The input:
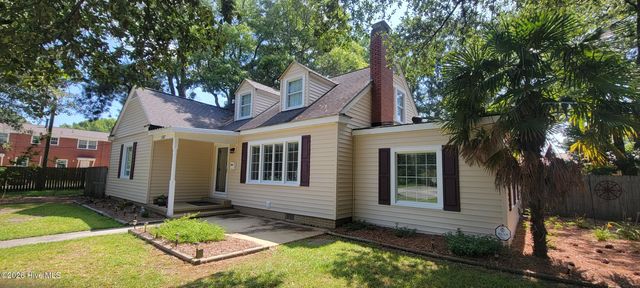 1307 N Respess Street, Washington, NC 27889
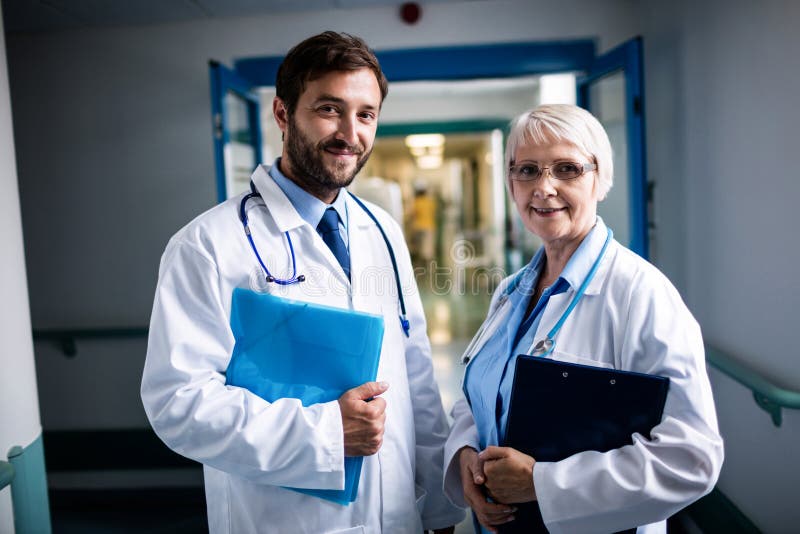 Medici che stanno insieme alla lavagna per appunti ed all'archivio immagine stock libera da diritti Medici che stanno insieme alla lavagna per appunti ed all'archivio immagine stock libera da diritti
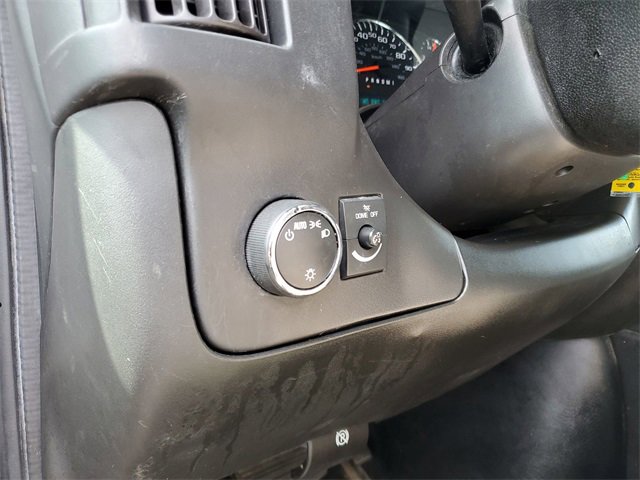 Used 2018 Chevrolet Express 2500 Work Van image 16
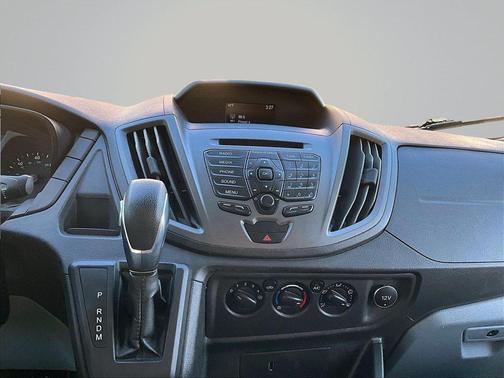 Oxford White 2019 Ford Transit-250 Base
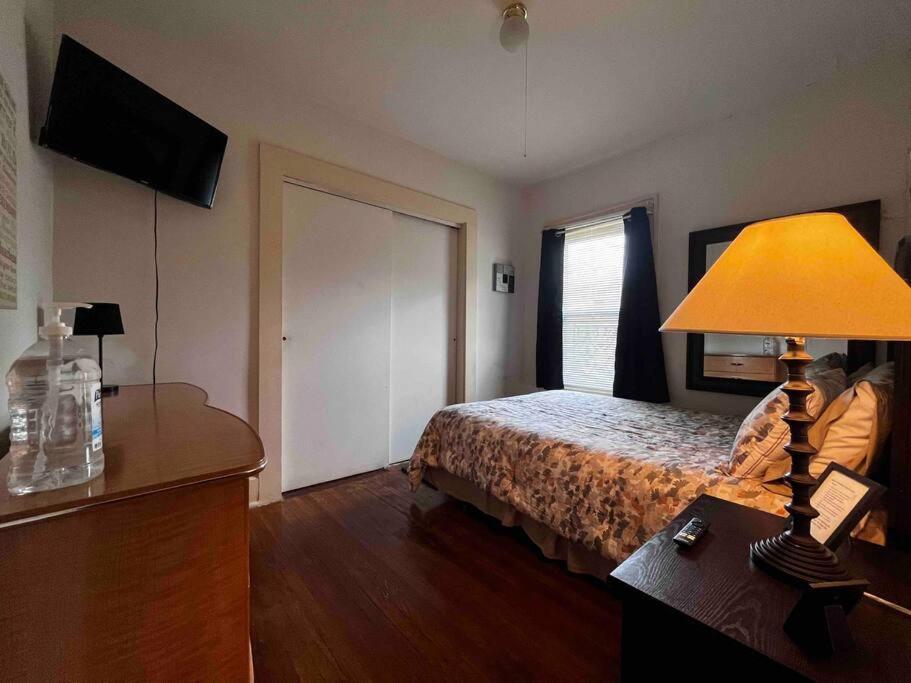Comfortable 2-Bdrm Spacious Home With Wifi & Patio Indianapolis Bagian luar foto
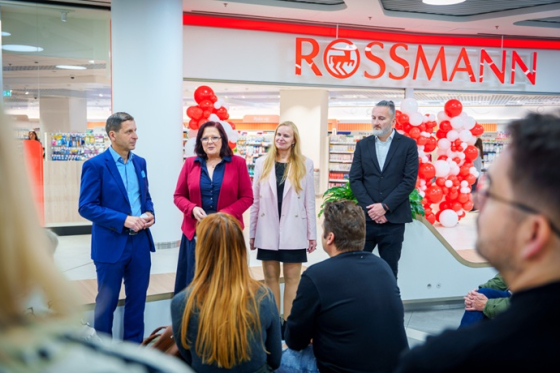 /media/41xjnnmn/rossmann_nc-fenix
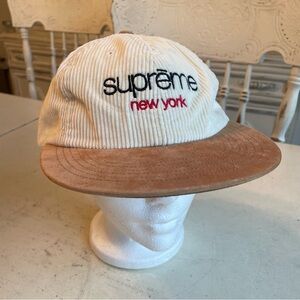 BNWT Supreme Classic Logo Corduroy 6 Panel Off White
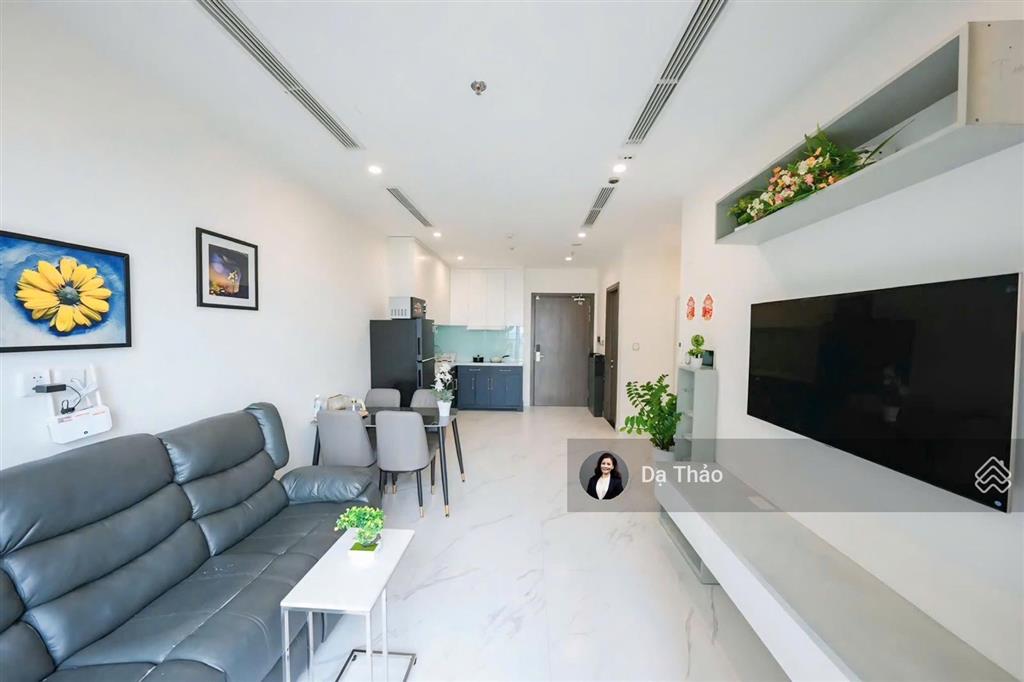 Cho thuê căn góc 2pn 2wc the beverly(be3), view trực diện cv 36ha, kính cong toàn cảnh tại vinhomes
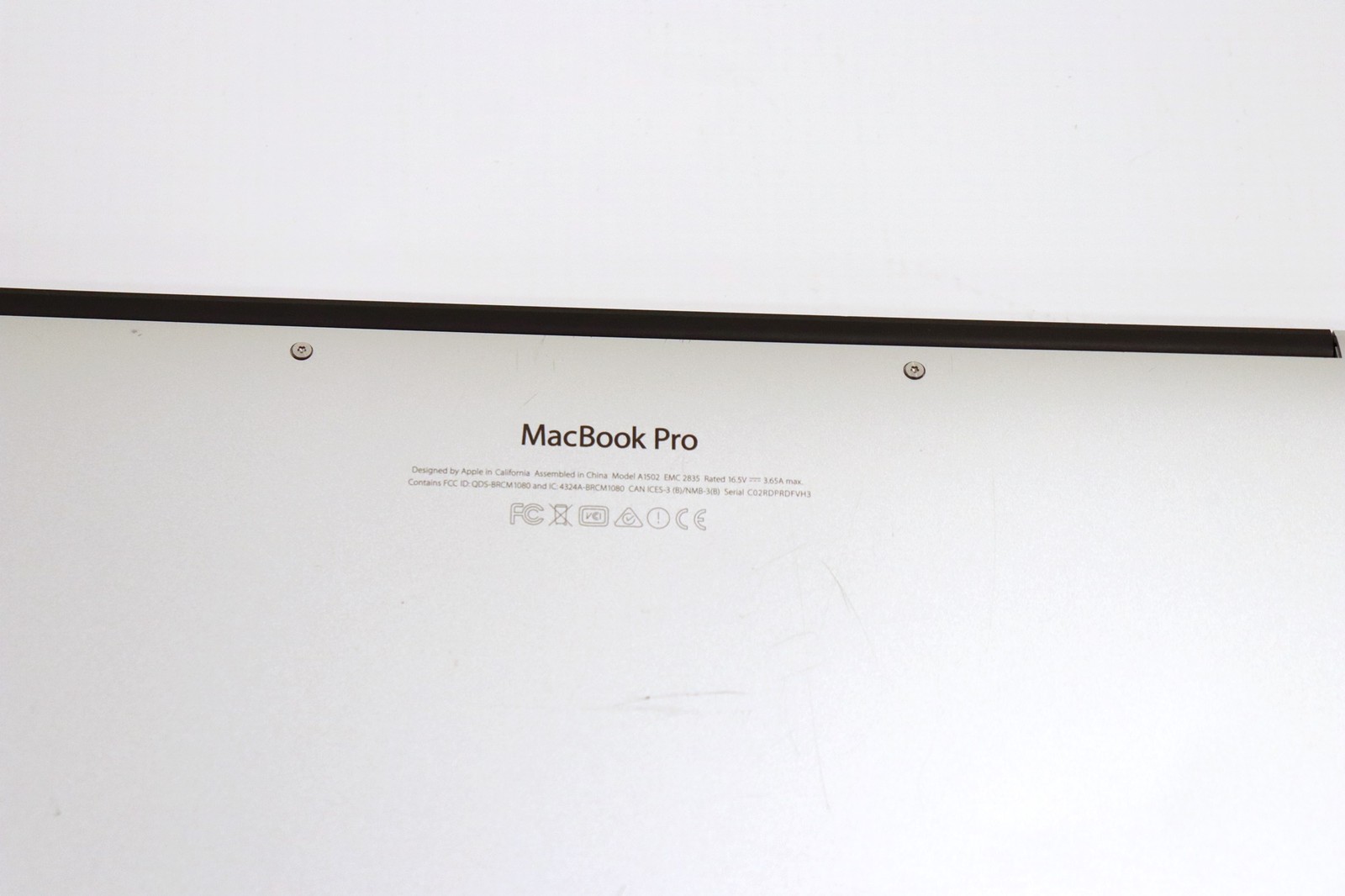 Apple MacBook Pro A1502 13.3″ Intel i5-5257U 8GB 256GB SSD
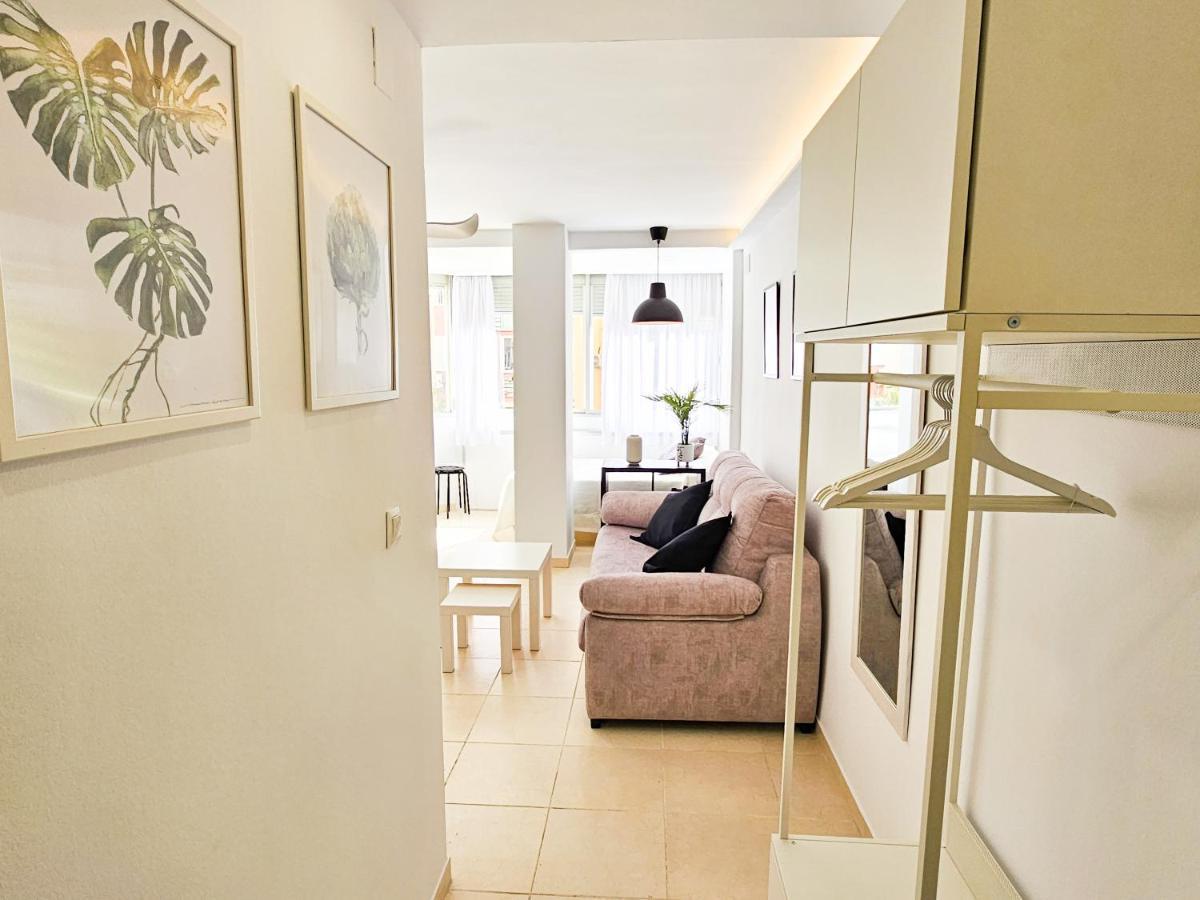 Estudio Vip Mediterraneo - Alojamientos La Torre 토레델마르 외부 사진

Required work: Restate word for word each line from the top of the listing down to and including the line that holds "Used 2018 Chevrolet". Drop any pictures.

Written answer:
 1307 N Respess Street, Washington, NC 27889
 Medici che stanno insieme alla lavagna per appunti ed all'archivio immagine stock libera da diritti Medici che stanno insieme alla lavagna per appunti ed all'archivio immagine stock libera da diritti
 Used 2018 Chevrolet Express 2500 Work Van image 16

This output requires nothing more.